“Do we belong?” That’s the question Sunayana Dumala asked in her Facebook post after she lost her husband to a hate crime last year. I took her question as the title of my short documentary, which recently premiered online at The Atlantic.
I read about Srinivas’ death, and the story really hit home. My father came to the US in the 80’s as a software engineer from India’s western neighbor, Pakistan, with a work ethic and ambition that reminded me of what I was reading about Srinivas. Even more than that, the descriptions of Srinivas’ positive nature and playful humor also felt very familiar. There was a sense that I somehow knew him.
Growing up in Long Island, we would hear stories about hate crimes against Muslims and other South Asians and Arabs around the country, regardless of their religious backgrounds, in the aftermath of events like the first World Trade Center bombing, the launching of Desert Storm, and, of course, in the wake of 9/11. It was something we talked a lot about in our community.
As we’ve seen over the years, there have been many unfortunate victims of Islamophobic violence in the United States. And this recent election has ushered in another major increase, the likes of which we haven’t seen since the days after 9/11. It is in this context that the tragedy in Olathe, Kansas took place. Although Srinivas was a Hindu, he was identified with the same amorphous threat, by a man who seemed to be searching for a suitable target for his hatred and frustration. It’s an all too common story. This was the worst kind of result: murder. But incidents borne from the same kind of ignorance and malice are happening every day. From hurled insults to broken bones, to shattered windows and burned down houses of worship.

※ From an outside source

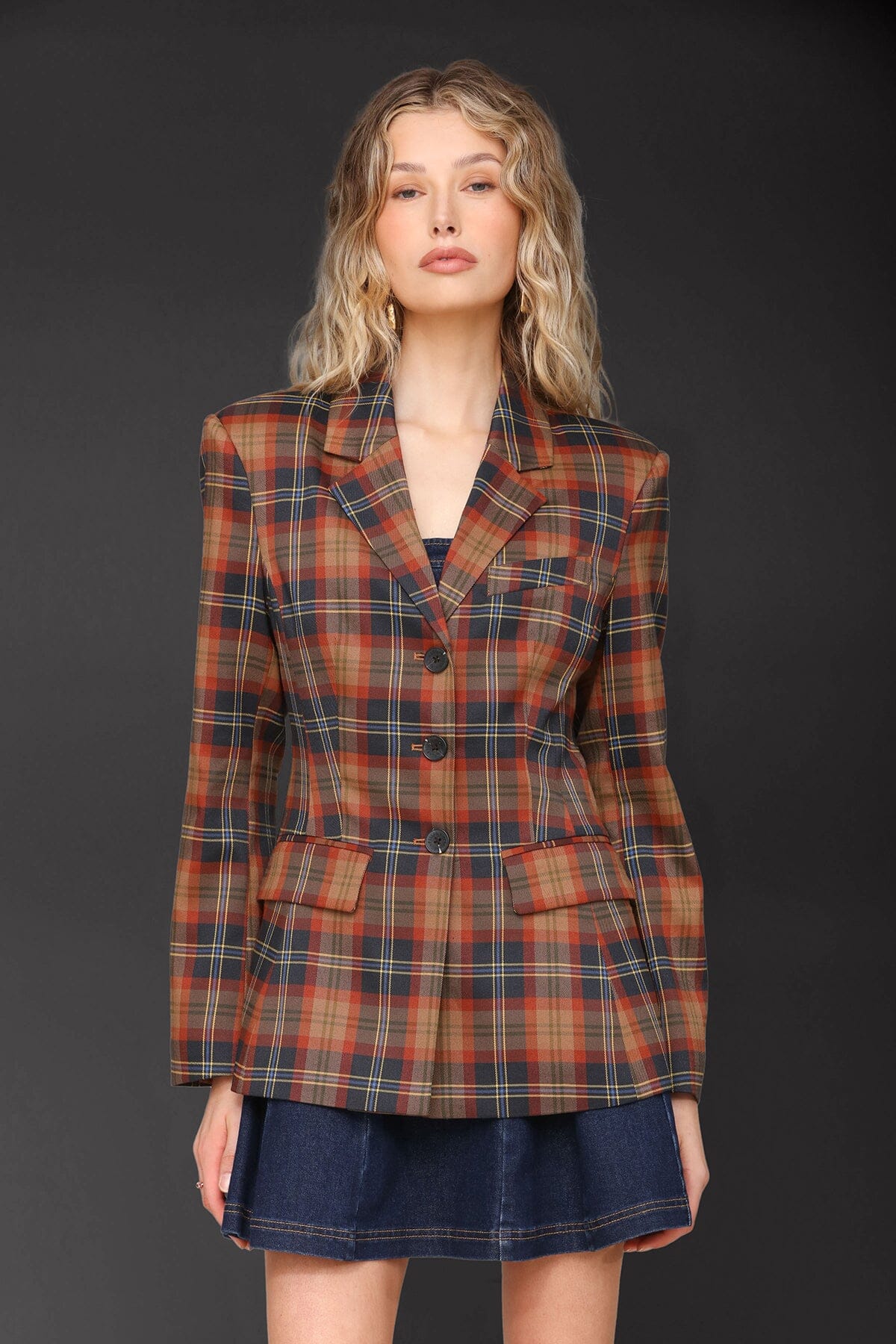 Autumn plaid hourglass blazer jacket in a polyester spandex blend with button front, notch collar, and cuff sleeve - Cute women's blazers by Avec Les Filles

Sunayana’s question, “do we belong here?”, cuts to the heart of what has been on the minds of many as of late – both immigrants, as well as other marginalized groups. Sunayana has arrived at her own conclusion. And while everyone has to find that for themselves, I was inspired by her incredible strength and perseverance in the face of so much adversity. And I am doing what I can to pass along her message of hope and resilience.